CS 2734 Computer Organization II

Here are the new topics since the second exam:

• Pipelined Implementation (Chapter 6)
  • Overview (Section 6.1, includes especially discussion of hazards).
  • Pipelined datapath (Section 6.2, ignores hazards). Note the several ways of graphically representing pipelines on pages 461-465, especially the series of diagrams in Figures 6.22-6.24.
  • Pipelined control (Section 6.3, Ignores hazards). The control signals from the Control unit are the same as for the single-cycle implementation, but the pipelined implementation makes use of extra latched register storage between pipeline stages to pass along control information. (See Figures 6.29 and 6.30. See also the good series of diagrams in Figures 6.31-6.35.)
  • Data hazards and forwarding (Section 6.4).
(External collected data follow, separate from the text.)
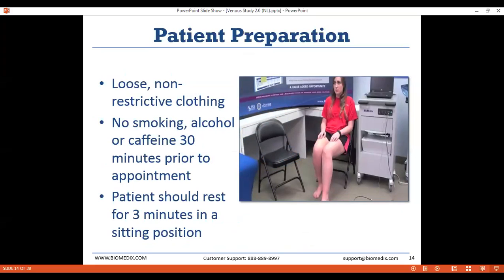The patient should be wearing loose, non-restrictive clothing to allow for maximum blood flow. The legs in particular should be exposed so the cuffs can be placed directly against the patient's skin on the calves. The patient should refrain from smoking, alcohol, or caffeine 30 minutes prior to the appointment. After entering the exam room, the patient should spend three minutes resting without moving or speaking in a sitting position, during which you'll want to enter the patient's information.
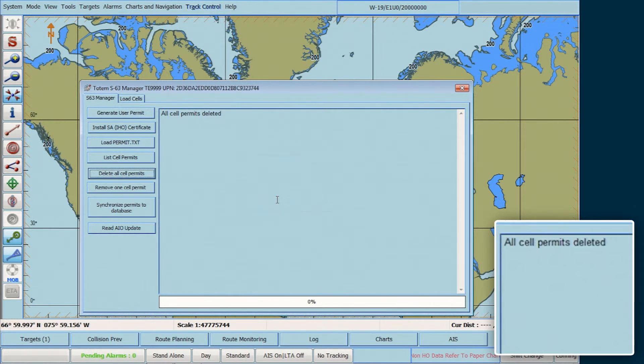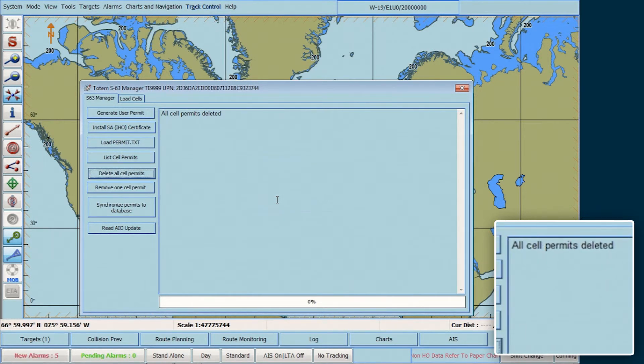A message then appears confirming the deletion of all cell permits.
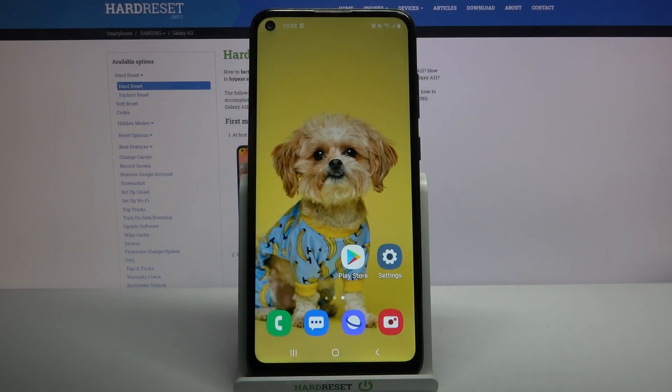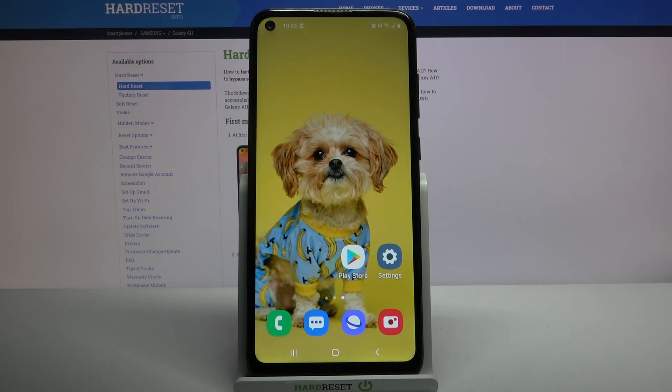Hi, in front of me is Samsung Galaxy A11 and today I would like to show you how you can download and apply iOS launcher on this device.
You should understand how forwarding work, with the Forwarding Unit and extra control and data lines. This applies to dependencies between register result of one instruction and the use of that new register value in subsequent instructions. (See especially Figure 6.38 and the series of diagrams in Figures 6.41-6.42. We did not cover Figure 6.43 or page 488.)
  • Data hazards and stalls (Section 6.5). In case of a dependency involving a lw instruction, the machine must stall for one instruction. Use of the Hazard Detection Unit. Note how the stall is inserted by de-asserting write lines to the PC and the IF/ID registers, and by inserting all zeros on control lines. (These zeros propagate along from cycle to cycle, as the "bubble" of a stalled instruction moves along the pipeling.) See diagrams in Figures 6.47-6.49. Note that the final forwarding is done by the Forwarding Unit as before.
  • Branch hazard (Section 6.6). In case of a branch, if the branch is taken (in one simple implementation), must stall and wipe out the start of the next instruction. (Also need to move branch handling into step 2 of pipeline.) See Figures 6.51 and 6.52. Skip Section 6.6 from pape 501 on.
• Floating point numbers: Especially the bit representation for a double, as described on pages 275-280, and worked on in lab 13. (Given the bit representation, what is the number?)
• Coding theory in computer storage and communications:
  • Source coding, using data compression.
  • Channel coding, using error detection/correction. This is the area we went into in more detail, including a brief discussion of the Hamming code to do single-error correction and double-error detection.
  • Secrecy coding, using cryptography.

Likely final exam questions:

• No questions about the use of CMOS transistors to create gates.
• Probably several questions about MIPS assembly and machine language. I might ask for the code for a simple loop (use of beq or bne), or for a simple call to a function (jal) and the code for the function (jr $ra to return). I might ask you to unravel machine code.
• At least one question on either the single-cycle or multi-cycle implementation. This might even ask you to do something creative, such a implementing a new instruction.
• Some emphasis on the pipelining chapter, the first six sections.
  • I might ask about the pipelined datapath or pipelined control (lots of figures in sections 6.2, 6.3).
  • I plan to give you a diagram with a forwarding unit, for you to explain how the forwarding unit works in simple cases not involving a stall (section 6.4, figures 6.41, 6.42).
  • I might ask about the hazard detection unit and stall used to handle the lw instruction (section 6.5, figures 6.47, 6.48, 6.49).
  • I might ask about handling the beq instruction by moving everything into step 2, and by putting in a 1-cycle stall bubble (for successful branch) (section 6.6, figures 6.51, 6.52).
• At least one question about the format of floating point numbers.
• Perhaps one question about coding theory.